Her television work includes more than 4,000 aired hours for the television networks ABC, NBC and CBS. She has received Emmy honors for her work on Days of Our Lives and an Emmy nomination for her work on General Hospital. Other awards received for Scenic Design include ariZoni for Alice in Wonderland, Cat on a Hot Tin Roof, Miss Saigon and The Lion in Winter; and the Romulo Soldevilla for The Importance of Being Earnest.

For the Maricopa Community Colleges District Fine Arts, she has served as vice-coordinator and assistant producer for both the Artist of Promise and Elemental Arts showcases.
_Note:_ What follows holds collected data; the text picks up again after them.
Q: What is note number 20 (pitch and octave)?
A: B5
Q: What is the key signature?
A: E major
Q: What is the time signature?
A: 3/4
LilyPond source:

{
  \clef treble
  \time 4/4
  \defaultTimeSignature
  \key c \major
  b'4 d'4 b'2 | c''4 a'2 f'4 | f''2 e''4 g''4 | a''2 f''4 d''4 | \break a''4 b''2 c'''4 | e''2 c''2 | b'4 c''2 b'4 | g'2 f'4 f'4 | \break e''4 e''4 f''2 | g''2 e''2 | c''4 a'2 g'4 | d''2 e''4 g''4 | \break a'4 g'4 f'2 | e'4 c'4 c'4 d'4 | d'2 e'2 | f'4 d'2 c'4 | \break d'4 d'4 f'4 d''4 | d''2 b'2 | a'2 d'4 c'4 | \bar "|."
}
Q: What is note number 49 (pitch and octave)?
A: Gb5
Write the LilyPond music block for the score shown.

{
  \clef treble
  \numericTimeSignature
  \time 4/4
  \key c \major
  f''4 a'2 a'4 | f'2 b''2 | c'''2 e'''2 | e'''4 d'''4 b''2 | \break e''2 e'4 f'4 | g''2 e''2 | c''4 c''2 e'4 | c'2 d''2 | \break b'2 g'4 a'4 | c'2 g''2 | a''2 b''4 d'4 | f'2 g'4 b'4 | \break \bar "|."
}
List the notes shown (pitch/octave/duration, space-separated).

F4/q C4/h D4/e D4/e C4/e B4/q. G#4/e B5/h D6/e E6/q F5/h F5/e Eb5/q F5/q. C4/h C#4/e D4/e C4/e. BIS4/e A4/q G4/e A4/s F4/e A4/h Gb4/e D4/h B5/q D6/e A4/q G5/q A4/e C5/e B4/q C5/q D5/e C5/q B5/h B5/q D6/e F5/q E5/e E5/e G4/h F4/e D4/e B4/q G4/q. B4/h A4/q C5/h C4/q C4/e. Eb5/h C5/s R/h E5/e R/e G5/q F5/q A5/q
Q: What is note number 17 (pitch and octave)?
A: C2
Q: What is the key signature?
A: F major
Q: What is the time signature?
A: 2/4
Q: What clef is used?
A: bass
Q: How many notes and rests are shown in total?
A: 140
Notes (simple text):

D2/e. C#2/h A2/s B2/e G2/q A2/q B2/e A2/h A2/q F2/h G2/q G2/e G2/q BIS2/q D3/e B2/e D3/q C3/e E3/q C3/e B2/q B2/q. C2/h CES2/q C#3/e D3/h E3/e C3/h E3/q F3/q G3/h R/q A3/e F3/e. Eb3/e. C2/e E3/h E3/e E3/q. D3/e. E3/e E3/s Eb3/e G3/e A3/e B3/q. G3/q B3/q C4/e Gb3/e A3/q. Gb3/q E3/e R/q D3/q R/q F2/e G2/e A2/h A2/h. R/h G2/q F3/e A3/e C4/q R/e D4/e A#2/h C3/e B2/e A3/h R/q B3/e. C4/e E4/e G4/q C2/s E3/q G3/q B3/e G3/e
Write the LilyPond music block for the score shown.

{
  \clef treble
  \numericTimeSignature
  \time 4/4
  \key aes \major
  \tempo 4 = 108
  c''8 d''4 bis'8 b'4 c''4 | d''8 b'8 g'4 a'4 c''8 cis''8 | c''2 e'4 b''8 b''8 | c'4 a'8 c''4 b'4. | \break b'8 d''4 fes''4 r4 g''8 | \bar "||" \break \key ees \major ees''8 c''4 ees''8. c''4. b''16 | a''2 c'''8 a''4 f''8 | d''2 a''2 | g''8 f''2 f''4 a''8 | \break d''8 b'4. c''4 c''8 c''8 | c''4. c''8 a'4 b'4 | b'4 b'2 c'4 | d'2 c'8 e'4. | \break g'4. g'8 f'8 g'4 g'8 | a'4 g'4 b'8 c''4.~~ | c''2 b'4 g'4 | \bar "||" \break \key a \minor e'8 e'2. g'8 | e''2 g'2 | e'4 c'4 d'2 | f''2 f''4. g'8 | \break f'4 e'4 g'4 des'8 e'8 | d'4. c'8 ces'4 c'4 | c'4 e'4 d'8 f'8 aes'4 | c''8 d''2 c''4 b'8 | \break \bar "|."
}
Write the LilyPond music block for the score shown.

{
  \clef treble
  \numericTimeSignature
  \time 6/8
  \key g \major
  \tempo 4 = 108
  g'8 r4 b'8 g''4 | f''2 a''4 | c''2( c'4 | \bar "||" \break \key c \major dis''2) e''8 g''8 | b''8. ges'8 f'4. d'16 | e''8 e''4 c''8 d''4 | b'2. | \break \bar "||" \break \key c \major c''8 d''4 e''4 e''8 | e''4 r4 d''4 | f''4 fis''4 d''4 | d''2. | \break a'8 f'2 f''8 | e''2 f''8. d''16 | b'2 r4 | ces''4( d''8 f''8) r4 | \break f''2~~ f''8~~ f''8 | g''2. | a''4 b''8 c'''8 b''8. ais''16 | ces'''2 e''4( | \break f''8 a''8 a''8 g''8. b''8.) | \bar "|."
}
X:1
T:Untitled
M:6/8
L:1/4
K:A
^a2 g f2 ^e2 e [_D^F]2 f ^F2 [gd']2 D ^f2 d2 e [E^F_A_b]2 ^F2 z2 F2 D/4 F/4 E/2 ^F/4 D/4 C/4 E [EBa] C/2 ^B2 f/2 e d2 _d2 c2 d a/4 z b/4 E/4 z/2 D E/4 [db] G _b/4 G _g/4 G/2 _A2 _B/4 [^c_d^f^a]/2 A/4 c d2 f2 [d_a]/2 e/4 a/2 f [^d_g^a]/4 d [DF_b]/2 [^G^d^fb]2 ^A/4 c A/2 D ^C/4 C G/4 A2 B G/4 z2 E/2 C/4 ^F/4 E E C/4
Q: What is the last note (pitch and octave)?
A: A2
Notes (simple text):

She is a member of the Art Directors Guild, IATSE Local 800 and a member of the Academy of Television Arts and Sciences.

Currently, she serves as Region VIII Chair of Design, Technical, and Management for the Kennedy Center American College Theatre Festival. Thomson holds a Master of Fine Arts from the University of Nebraska–Lincoln and a Bachelor of Fine Arts from Arizona State University.

Terry Ratzlaff:
Terry Ratzlaff is completing his second year as a Master of Fine Arts student in the School of Art, Art History & Design in the area of photography. He is a member of the College Curriculum Committee and Graduate Student Advisory Board. He is also a member of the College’s Mental Health Advisory Committee. He is also president of the UNL Fine Art Photography Club and co-leader of the UNL Social Practice Club.